Wyświetl Pojedyńczy Post
Stary 29-04-2018, 22:20   #117
Mike
 
Reputacja: 1 Mike ma wspaniałą reputacjęMike ma wspaniałą reputacjęMike ma wspaniałą reputacjęMike ma wspaniałą reputacjęMike ma wspaniałą reputacjęMike ma wspaniałą reputacjęMike ma wspaniałą reputacjęMike ma wspaniałą reputacjęMike ma wspaniałą reputacjęMike ma wspaniałą reputacjęMike ma wspaniałą reputację
Eldred i Kuba
Spędzić czas przyjemnie i pożytecznie. Sakiewki rzecz jasna nie podzielały tego zdania, ale nikt ich o nie nie pytał. Niestety na interesujące ich tematy wiele się nie dowiedzieli. Hrabia najwyraźniej nie chadzał do tego przybytku. A o bractwie dokerów dziewczyny słyszały, lecz ci nie mogli się przebić przez barierę cenową.

Szukanie kumpli zabrało im resztę nocy, ale dopięli swego.

IIaldabode i Vince
Vince był już u drzwi gdy siedzący na zydelku postawny osobnik o więziennej urodzie wstał i zastąpił mu drogę. Najwyraźniej na dyskretny znak karczmarza. Robienie scen było by niemile widziane. Vince biedy nie cierpiał więc unikanie zapłaty było raczej sportem niż potrzeba chwili.

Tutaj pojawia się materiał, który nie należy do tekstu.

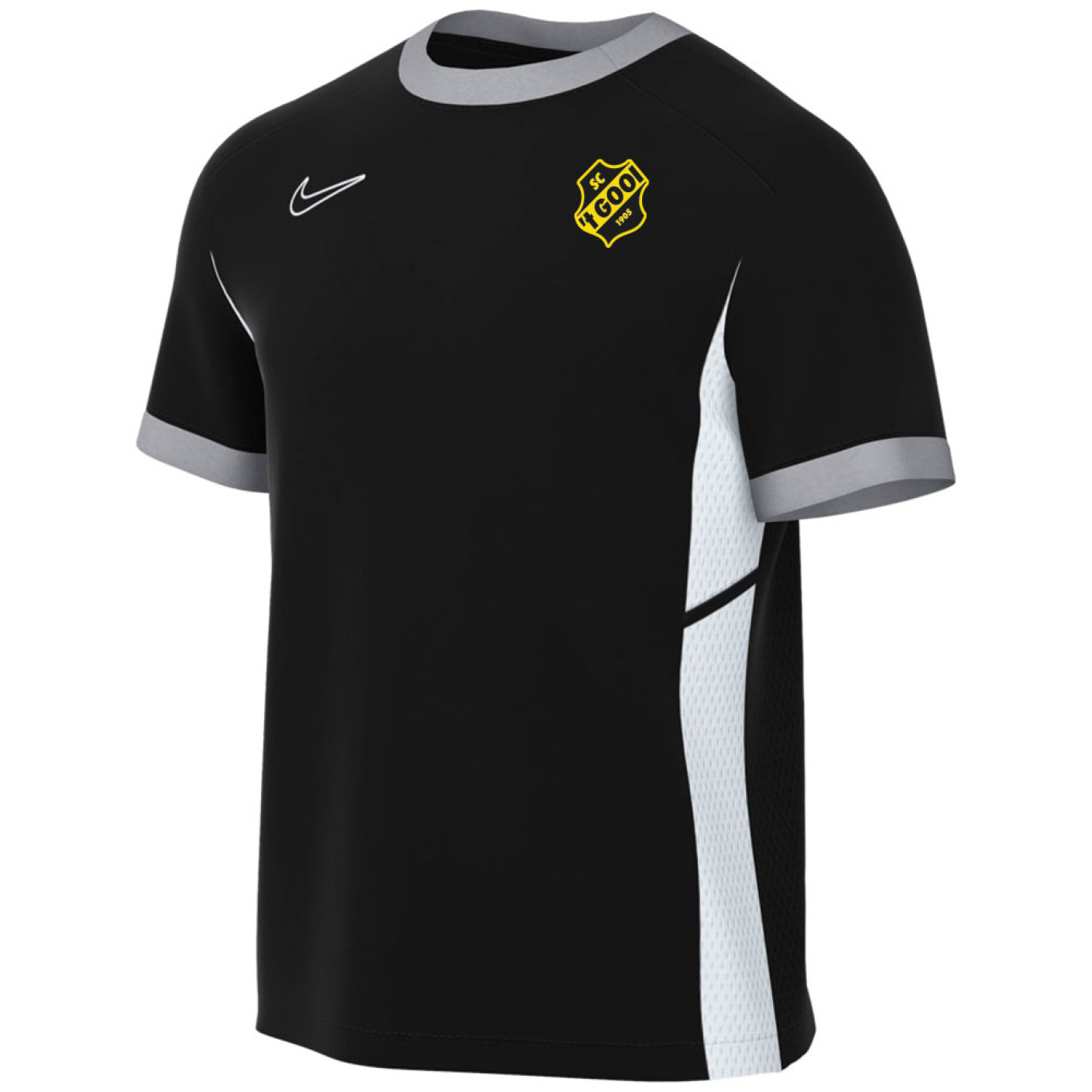 SC 't Gooi Trainingsshirt Heren Zwart Wit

Wyszli na zewnątrz dyskretnie się rozglądając. Wspomnianego szpicla nie było widać, ale to akurat ich nie dziwiło. Królewscy byli dobrzy. Królewscy lub byli królewscy. Zdarzało się, że ktoś przechodził do sektora prywatnego. Rzadko, bo rzadko, ale się zdarzało.

Berdych
Wyszedł na zewnątrz nieświadom, że jest śledzony przez dwójkę szpiegów. Szpicel kilka chwil po nim wstał i rzuciwszy karczmarzowi monetę wyszedł. Nie zauważył, że obżerająca się laska siedzi mu na ogonie.

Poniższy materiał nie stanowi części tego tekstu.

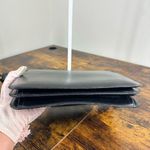 Christian Dior Dior Vintage Trotter Logo Leather Shoulder Bag Black Photo 5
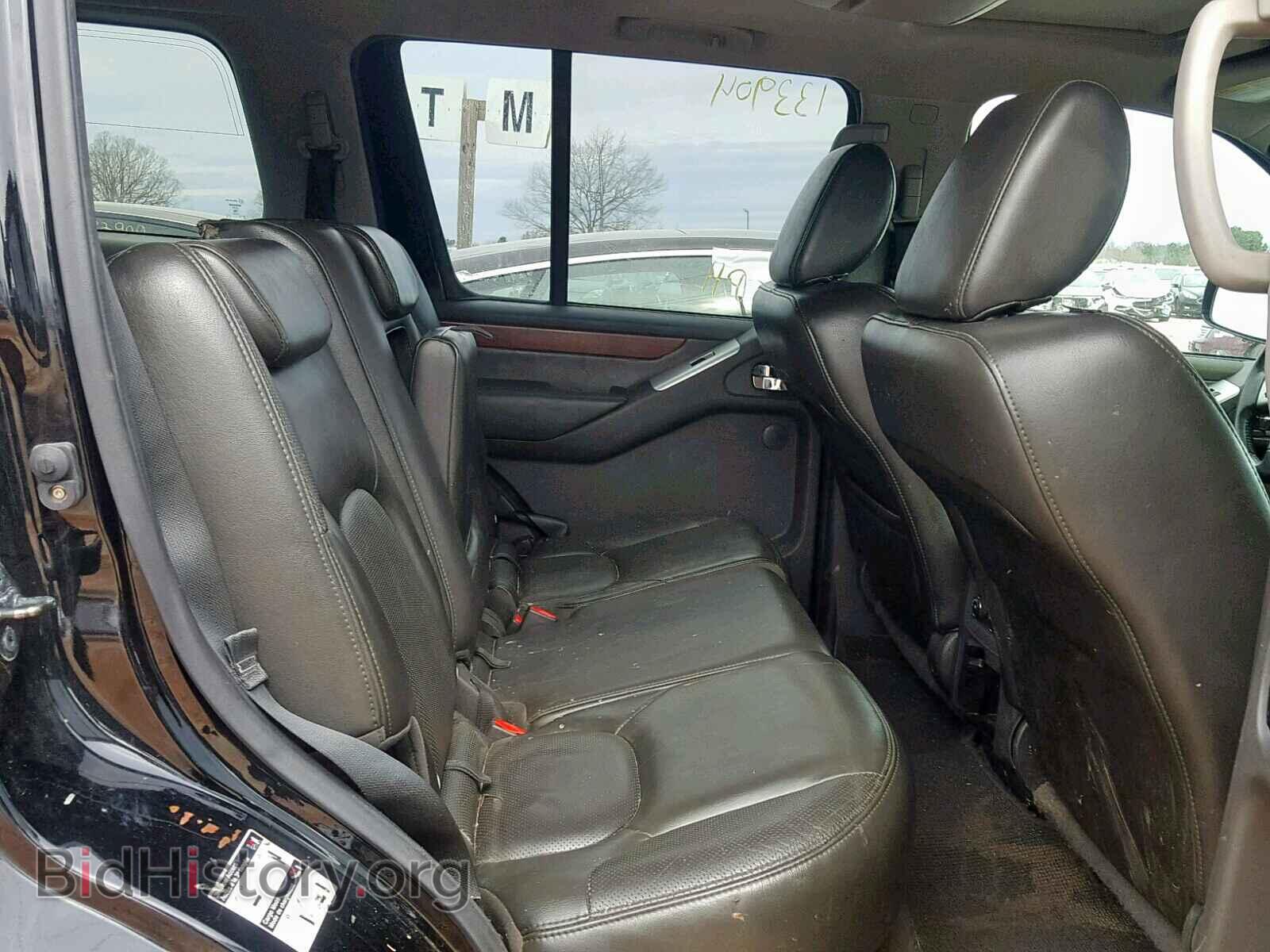2011 NISSAN PATHFINDER - VIN: 5N1AR1NN1BC630885 - Фото 6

Rozejrzawszy się w obie strony po wyjściu, ruszył w prawo. Przeszedł ledwo dwie ulice, gdy przed knajpą, której klientela składała się tylko z ludzi zauważył resztę ekipy. Grubas i Iladaboda wyglądali jak zwykle za to Wróbel i Eldred odziali się skromniej niż poprzednio ich widział.

R
Spokojnie dokończyła i ruszyła za cieniem. Nie mogła go spuścić z oka na dłużej. No chyba, że by chciała by ulice spłynęły krwią, a bojówki lokalnej gildii magów zaczęły polowanie. Śledząc półorka i szpicla w końcu ujrzała gromadkę degeneratów pasujących do opisu Lorenzo.